Recently I had lost my mother.  Mom and I had a very complicated relationship growing up, but because of God working in and on hearts much of our negative past had fallen away.  We were far from perfect, and we were still healing in many ways, but we truly enjoyed spending time together.  She lived life with us. She participated in the every day.  She was the first person I called with heartaches or praises.  The day she passed away, she was supposed to call me after her nap.  I am so blessed that my very last memory is telling her I loved her.  She never called that day because earth could no longer hold her.

Suddenly, the person who gave me all of my advice, was no longer there when I called.  Not only that, but I was suddenly the decision maker.  The daughter, sister, granddaughter, mother who needed to make the decisions for those around me.  Funerals are definitely for the living, because the extreme busyness of that time is all that kept me putting one foot in front of the other.  After the funeral was over, there was still more, and my person was no longer there.  Figuring out the ‘after’ of life is so strange.   Life put on paper, with dates signifying the beginning and the end, never tells even the beginning of the story.

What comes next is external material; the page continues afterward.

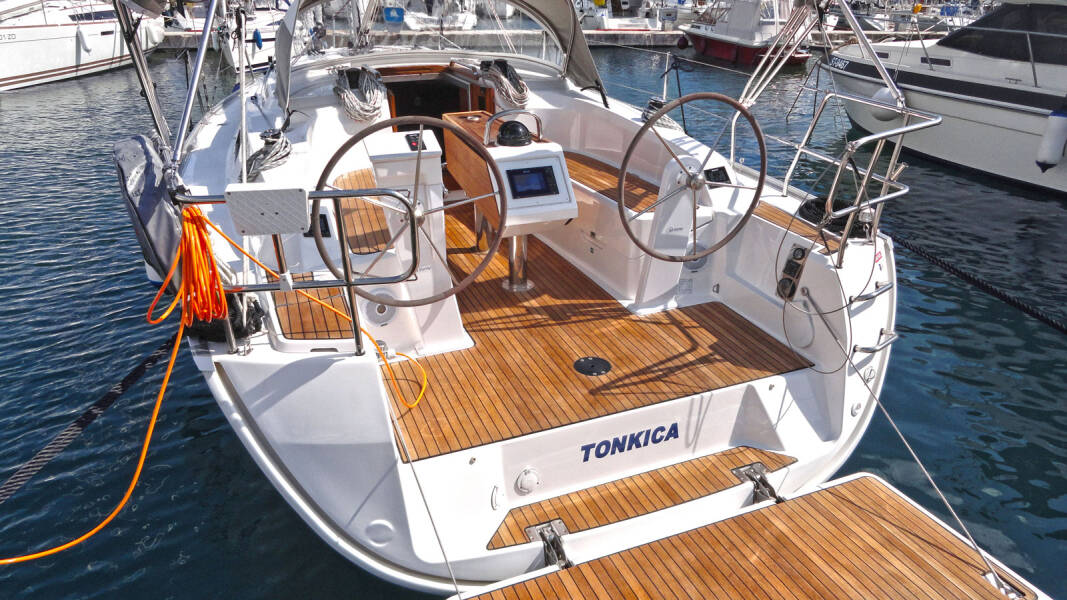 Bavaria Cruiser 34  | Tonkica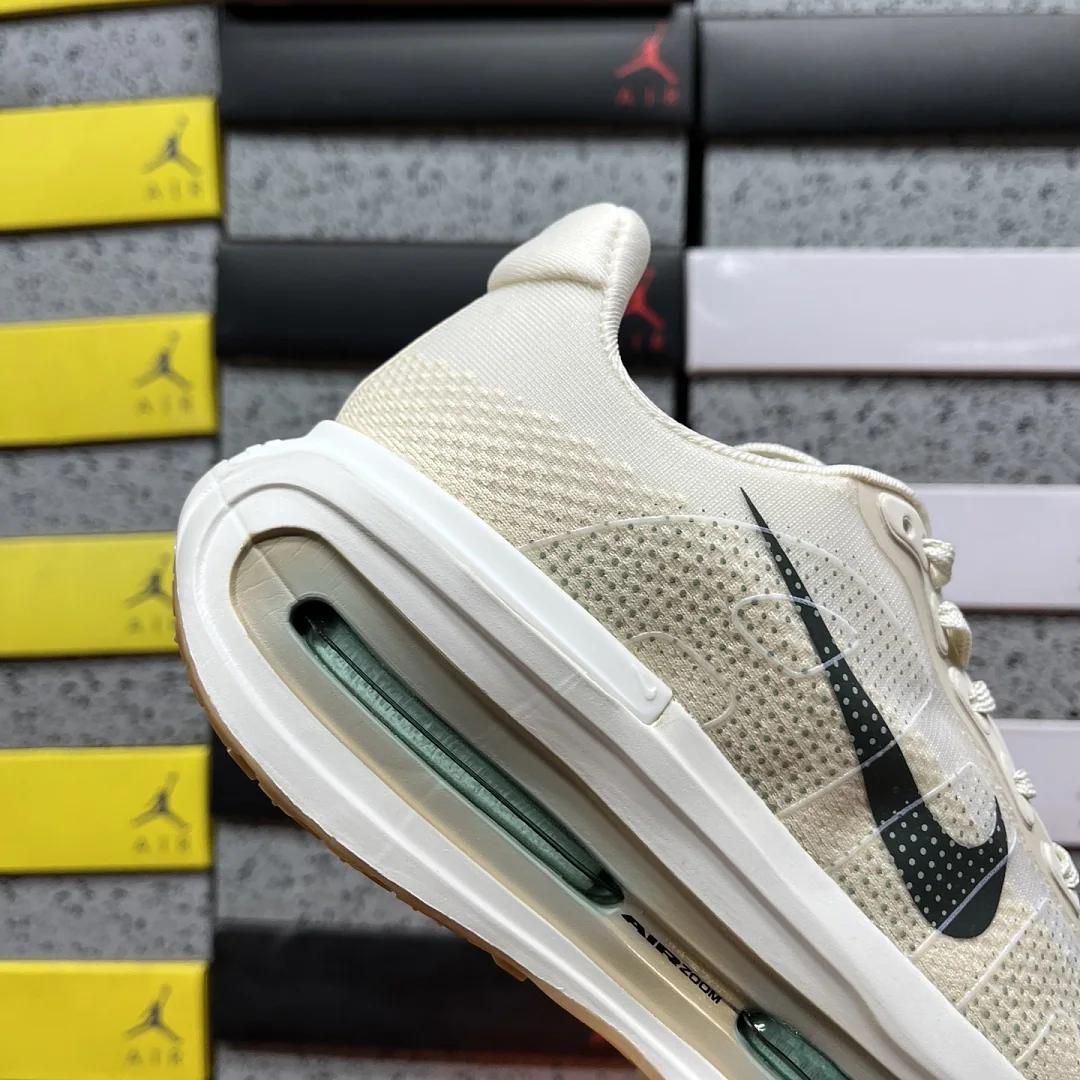 나이키 [CG] 보메로 프리미엄 HQ2050-106 202003 Nike Vomero Premium Pale Ivory Jade Horizon 상세 이미지 2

I found out about New Haven through a friend who was telling me about this class she had signed up for.  What does “Biblical Discipleship” even mean?  I was intrigued and went online to look it up.  I read about the class and signed up instantly.  It wasn’t even a decision I made, I was suddenly just hitting enter and I was enrolled.  A few days later I received a call confirming and letting me know about the dates and times of the class.  I heard that the counseling was different than traditional counseling, and knew God was providing me a safe place.  I asked to also be seen for biblical counseling, not really sure what I was getting into, but knowing there was more than the world was telling me there was.  I had no idea what this journey was about to bring for me.

I did not ask Jesus into my heart as a child.  I was 24 years old before I knew of a loving God.  This is so alarming because I had grown up going to church every Sunday.  I had prayers, hymns, and bible verses memorized.  I knew the stories and heard of the miracles, but I didn’t know my Father.  It is amazing because now when I look back, I realize how He was lovingly leading me.  I went to, even searched out, and welcomed the darkness.  I pushed him away and delved into the exact opposite of what He wants for us.  Yet, HE held me.  HE protected me, and pulled me to Him, no matter what my rebellion looked like.

While I did welcome him into my heart, I still really relied on myself and others around me to meet my needs.  I have so many lies that I have believed in the past, and still do.  I relied on myself to work harder, do better, and earn my way out of any problems.  Around 6 years ago I had a wakeup call.  I realized that life was becoming more than I could handle.  I didn’t want to keep going, living was too hard.  I was too tired.  I was too broken.  I began to go to Him, begging for miracles.  Not miracles that can be seen but can be felt in your heart.  I knew there was more and I started to search.  I realized, through scripture and prayer, that I could listen!  He was waiting for me to listen!!!

When I attended class, I thought I knew.   I knew my Savior, I knew my God, I knew my Father. I already felt very connected and treasured…but there was so much holding me back.  There is still so much holding me back, and I still don’t know!  I believe we never really know until that day we run into his arms.  I do know I am loved.  I am unequivocally, totally, intimately, in an all-consuming way loved by my Abba Father. 

“As the Father has loved me, so have I loved you.  Abide in my love.” John 15:9 

I have so far left to go.  More than I can even imagine.  New Haven points me in the direction that matters eternally.  It is exactly as its name says.  It is a NEW HAVEN.  A safe place that lets you know more about yourself, more than you even know is possible.  It gives you a new perspective, a new outlook and a new hope.